Middletown Medical, a multi-specialty physicians’ group based in Middleton, NY, discovered the misconfigured security setting on January 29, 2018.

The following day the interface was secured to ensure unauthorized individuals were prevented from accessing patient information. It is unclear for how long patient data was accessible. Middletown Medical says only a limited number of patients’ PHI could have been accessed by unauthorized individuals.

Highly sensitive information such as financial data, Social Security numbers, and insurance information were not exposed. The breach was limited to names, client identification numbers, birth dates, confirmation that radiology services had been received by patients, and the dates those services were provided. A limited number of patients also had diagnosis codes, radiology images, and radiology reports exposed.
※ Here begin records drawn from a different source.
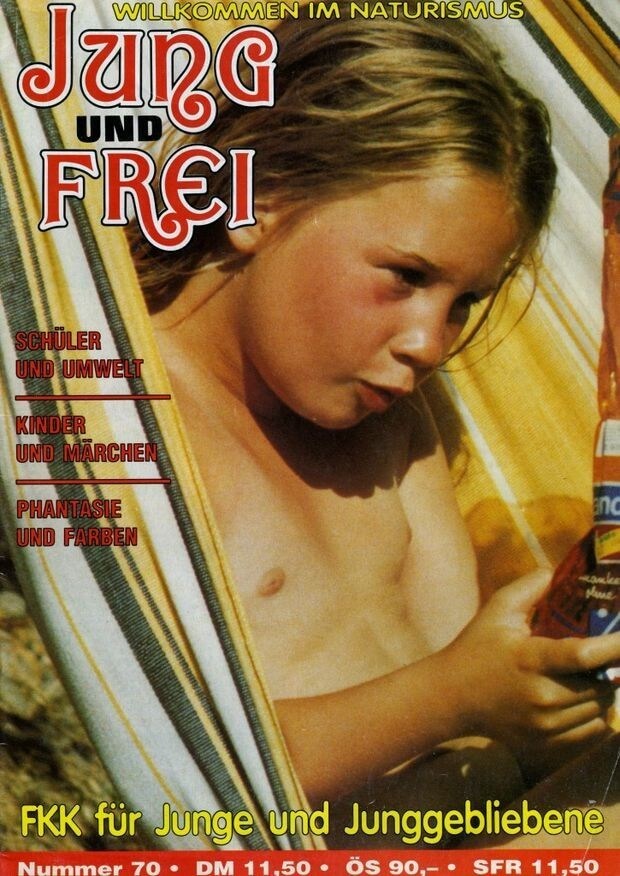 Jung und Frei Nr 70 - Living together in nature is a hallmark of nudists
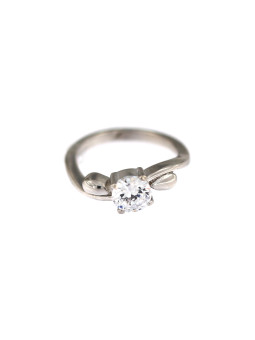 White gold engagement ring DBS04-05-04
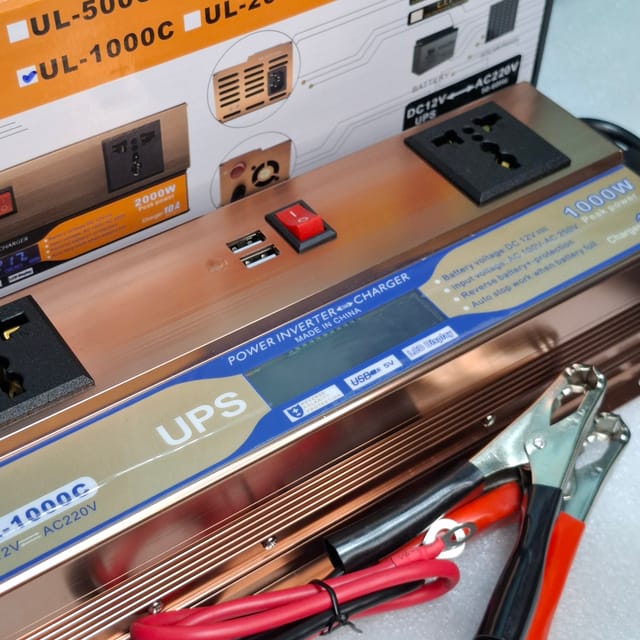 1000W Digital UPS Inverter + Charging_img_3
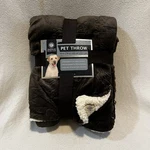 American Kennel Club Akc Pet Throw 40 X50 Dark Brown / Brand New. Fixed Price $14.98.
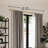 Cappa Drapery Solutions Adjustable 1" Steel Double Curtain Rod Set-474219487-474219484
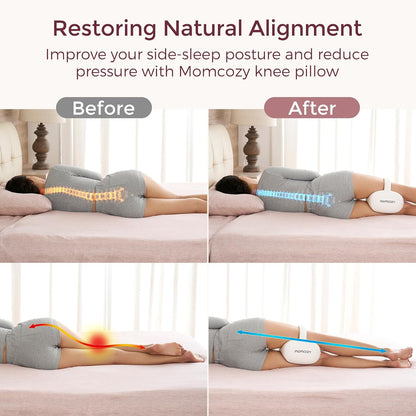 Contoured Leg Support Pillow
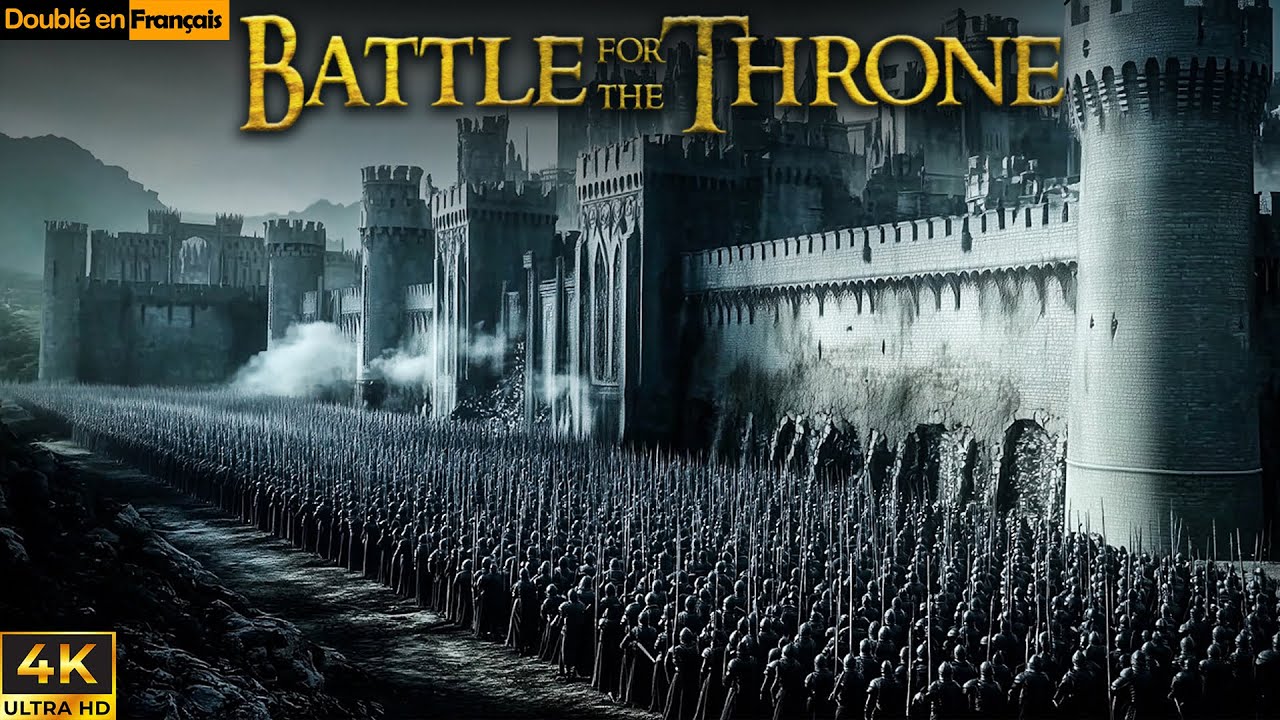 Film Complet Fantastique d&rsquo;Action 2025 | Battle For The Throne | Film De Jeu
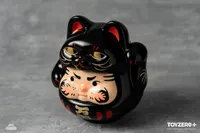 TOYZEROPLUS 200% PP Lucky Cat Daruma (Black cat edition) - PP X Monster - photo 2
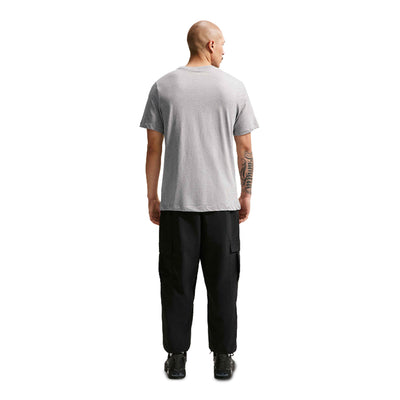 Men's Nike Sportswear Icon Futura T-Shirt Dark Grey Heather/Black/White AR5004-063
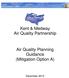 Kent & Medway Air Quality Partnership. Air Quality Planning Guidance (Mitigation Option A)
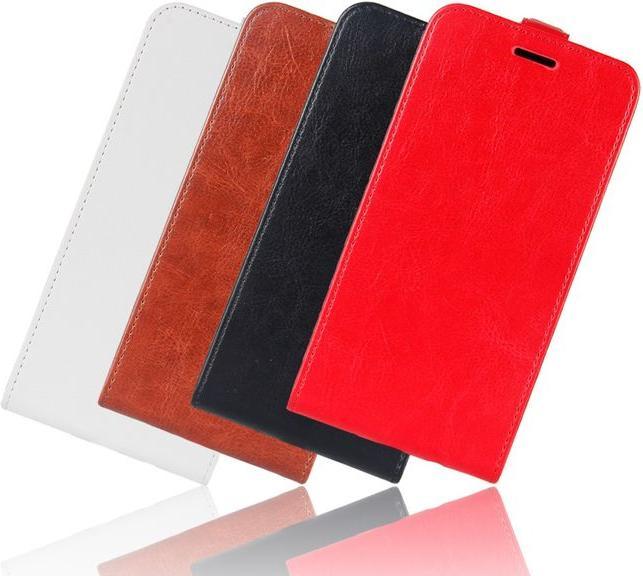 Actual product image MU Classic Leather flip case cover (LG G7 Fit)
The discovery of the error prompted Middletown Medical to review its polices and procedures and implement additional safeguards to ensure the confidentiality of documents containing PHI. Additional training has been provided to staff on securing information systems and modifications have been made to interfaces to ensure all information remains secure.
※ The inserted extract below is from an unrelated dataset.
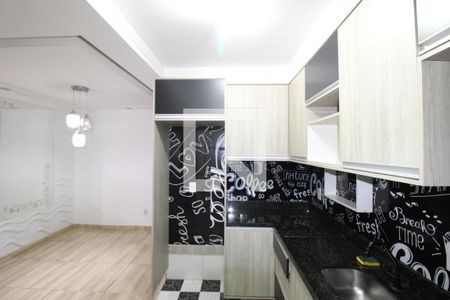Sala / Cozinha de apartamento à venda com 2 quartos, 35m² em São Miguel, São Paulo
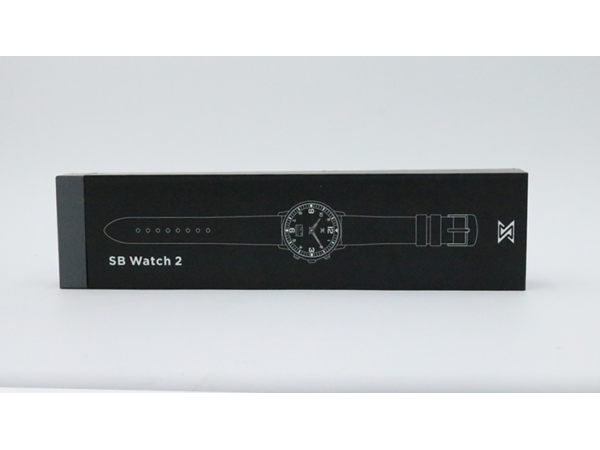 SB Watch 2 (2024) Noir Silver Three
No reports of misuse of PHI have been received although, out of an abundance of caution, all patients impacted by the breach have been offered complimentary identity theft recovery services for 12 months and have been advised to carefully review their account statements and Explanation of Benefits statements for any sign or fraudulent activity.

The data breach summary submitted to the Department of Health and Human Services’ Office for Civil Rights indicates up to 63,551 patients had their PHI exposed, making this one of the largest healthcare security incidents to be reported so far this year.